The IRS has its sights set on using artificial intelligence and machine learning to detect and respond to cyberthreats.

The agency, though it has some concept of what it’s looking for, has issued a request for information seeking input from industry on what kind of technology is already available in the marketplace. The RFI asks for responses with information on “artificial intelligence, machine learning, cognitive computing and data analytics techniques, algorithms, and capabilities” that might increase its capacity to combat both insider threats and cyberattacks from outside.

Specifically, the RFI goes on to state, the IRS would like an AI platform that “automatically and continuously learns the environment(s), improving accuracy,” “identifies previously unknown threats and tracks entities over time” and more.
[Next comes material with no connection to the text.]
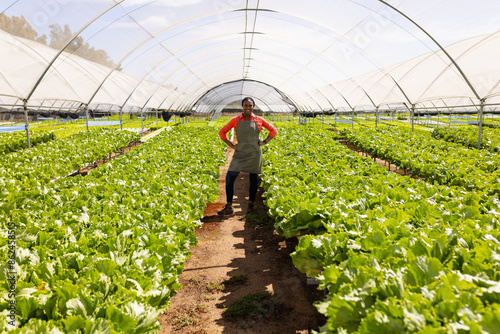 Standing in hydroponic greenhouse, African American farmer growing organic vegetables photo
An ideal system would also have an intuitive user interface and integrate well with existing IRS cybersecurity systems.

The results of the RFI will help mold any potential future acquisitions. Would-be industry respondents have until July 26 to get a word in.


There’s a fair amount of hype in industry about the promise that machine learning holds in the realm of cybersecurity — a computer, the reasoning goes, can learn a pattern and detect deviance from that pattern more swiftly than a human. Specifically in the case of insider threats, tracking “normal” and “abnormal” user behavior can be key to spotting any issues.